# How did the Pharisees do mission work



## Pergamum (Jul 10, 2008)

They went over land and sea for sure to make one convert...but what else do we know? 

Any info from archaeology or historical records?

Also, I have heard that Paul patterned his missionary work in the same manner. If that true?


----------



## Guido's Brother (Jul 10, 2008)

In Paul and Palestinian Judaism, E.P. Sanders has a small section dealing with how Gentiles were received into Judaism (206-212), noting the different rituals and citing all the rabbinic sources. Because it's Sanders, _caveat lector_.
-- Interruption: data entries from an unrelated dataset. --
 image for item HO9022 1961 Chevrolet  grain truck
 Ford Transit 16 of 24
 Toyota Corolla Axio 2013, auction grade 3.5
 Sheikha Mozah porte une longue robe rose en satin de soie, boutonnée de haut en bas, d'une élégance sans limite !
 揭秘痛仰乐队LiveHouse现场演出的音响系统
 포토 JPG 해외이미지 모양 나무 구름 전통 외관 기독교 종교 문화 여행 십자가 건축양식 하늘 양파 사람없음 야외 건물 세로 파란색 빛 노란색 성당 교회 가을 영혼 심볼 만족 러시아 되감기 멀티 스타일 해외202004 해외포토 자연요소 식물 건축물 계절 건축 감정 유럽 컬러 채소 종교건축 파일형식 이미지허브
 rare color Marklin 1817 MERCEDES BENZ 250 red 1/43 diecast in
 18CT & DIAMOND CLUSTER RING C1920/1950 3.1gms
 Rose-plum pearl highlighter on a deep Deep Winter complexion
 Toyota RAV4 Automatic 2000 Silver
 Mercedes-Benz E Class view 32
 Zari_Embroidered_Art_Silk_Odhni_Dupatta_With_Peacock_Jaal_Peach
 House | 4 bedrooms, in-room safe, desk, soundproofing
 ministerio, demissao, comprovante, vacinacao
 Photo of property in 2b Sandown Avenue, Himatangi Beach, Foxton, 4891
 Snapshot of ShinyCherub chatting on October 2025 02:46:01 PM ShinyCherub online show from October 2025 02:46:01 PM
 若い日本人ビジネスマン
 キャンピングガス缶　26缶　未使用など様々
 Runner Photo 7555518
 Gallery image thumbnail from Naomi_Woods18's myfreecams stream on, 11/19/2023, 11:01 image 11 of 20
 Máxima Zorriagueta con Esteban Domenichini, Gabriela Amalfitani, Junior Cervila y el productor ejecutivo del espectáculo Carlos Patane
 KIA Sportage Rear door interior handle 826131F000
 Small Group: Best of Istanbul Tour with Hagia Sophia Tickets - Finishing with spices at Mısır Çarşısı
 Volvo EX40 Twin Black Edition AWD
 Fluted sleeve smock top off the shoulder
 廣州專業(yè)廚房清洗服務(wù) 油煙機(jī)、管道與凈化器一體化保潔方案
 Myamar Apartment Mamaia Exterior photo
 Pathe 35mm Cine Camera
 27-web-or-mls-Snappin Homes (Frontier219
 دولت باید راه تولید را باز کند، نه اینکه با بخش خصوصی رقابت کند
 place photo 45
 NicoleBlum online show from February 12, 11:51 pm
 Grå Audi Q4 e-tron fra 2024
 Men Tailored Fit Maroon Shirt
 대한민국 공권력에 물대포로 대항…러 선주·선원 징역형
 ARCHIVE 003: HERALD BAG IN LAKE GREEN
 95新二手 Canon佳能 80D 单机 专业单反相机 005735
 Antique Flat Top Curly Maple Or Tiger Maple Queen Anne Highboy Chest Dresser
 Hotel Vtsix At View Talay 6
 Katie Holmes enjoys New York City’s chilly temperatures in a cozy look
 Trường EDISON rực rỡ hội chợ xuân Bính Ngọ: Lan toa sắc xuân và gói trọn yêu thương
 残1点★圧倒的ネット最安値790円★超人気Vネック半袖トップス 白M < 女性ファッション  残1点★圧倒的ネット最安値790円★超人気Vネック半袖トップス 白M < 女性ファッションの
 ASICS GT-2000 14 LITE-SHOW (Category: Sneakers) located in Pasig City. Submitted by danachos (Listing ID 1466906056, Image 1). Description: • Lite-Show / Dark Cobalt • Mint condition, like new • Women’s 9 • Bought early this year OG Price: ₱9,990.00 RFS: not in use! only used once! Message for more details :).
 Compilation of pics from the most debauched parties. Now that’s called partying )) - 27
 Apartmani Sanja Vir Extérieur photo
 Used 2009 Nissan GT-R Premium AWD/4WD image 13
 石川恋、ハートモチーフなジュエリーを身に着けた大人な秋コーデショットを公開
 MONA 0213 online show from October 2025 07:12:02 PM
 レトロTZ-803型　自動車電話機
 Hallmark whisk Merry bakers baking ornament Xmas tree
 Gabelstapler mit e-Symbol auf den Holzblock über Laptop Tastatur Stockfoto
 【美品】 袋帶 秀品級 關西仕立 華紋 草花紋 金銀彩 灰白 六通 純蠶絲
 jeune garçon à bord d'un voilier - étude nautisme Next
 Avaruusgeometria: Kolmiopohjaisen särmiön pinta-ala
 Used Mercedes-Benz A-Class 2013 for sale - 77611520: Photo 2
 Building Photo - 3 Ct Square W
F.F. Bruce in his commentary on Acts in the NICNT series mentions the Jewish proselytizing done so energetically in Rome (58). There was a three-fold rite in that context: Circumcision for males, purificatory self-baptism in the presence of witnesses, offering of a sacrifice. Proselytization (at least in Rome) was more successful among women than among men, presumably because of the circumcision requirement. Many men were content to be "God-fearers."


----------



## Semper Fidelis (Jul 10, 2008)

The Book of Galatians is one record of this...


----------



## Pergamum (Jul 12, 2008)

any other books citing archeological records, etc?


----------



## Semper Fidelis (Jul 12, 2008)

I found this from Edersheim's _Life and Times of Jesus the Messiah_


> The third Woe was on their proselytism, which issued only in making their converts twofold more the children of hell than themselves. Against this charge, rightly understood, Judaism has in vain sought to defend itself. It is, indeed, true that, in its pride and exclusiveness, Judaism seemed to denounce proselytism, laid down strict rules to test the sincerity of converts, and spoke of them in general contempt97 as 'a plague of leprosy.'98 Yet the bitter complaint of classical writers,99 100 the statements of Josephus,101 the frequent allusions in the New Testament and even the admissions of the Rabbis, prove their zeal for making proselytes - which, indeed, but for its moral sequences, would neither have deserted nor drawn down the denunciation of a 'woe.' Thus the Midrash, commenting on the words:102 'the souls that they had gotten in Haran,' refers it to the converts which Abraham had made, adding that every proselyte was to be regarded as if a soul had been created.103 104 To this we may add the pride with which Judaism looked back upon the 150,000 Gibeonite converts said to have been made when David avenged the sin of Saul;105 the satisfaction with which it looked forward to the times of Messiah as those of spontaneous conversion to the Synagogue;106 and not the unfrequent instances in which a spirit favorable to proselytism is exhibited in Jewish writings,107 as, also, such a saying as this, that when Israel is obedient to the will of God, He brings in as converts to Judaism all the just of the nations, such as Jethro, Rahab, Ruth, &c.108 But after all, may the Lord not have referred, not to conversion to Judaism in general, but to proselytism to the sect of the Pharisees, which was undoubtedly sought to the compassing of sea and land?
> 
> 97. Horay, 13 a. 98. Yeb. 47 a. b; Nidd. 13 b.
> 
> ...


It speaks of Jewish proselytism and I'm trying to find if he says anything in _Sketches in Jewish Social Life_


----------



## Pergamum (Jul 12, 2008)

cool, just the sort of thing I am looking for, thanks Rich.


----------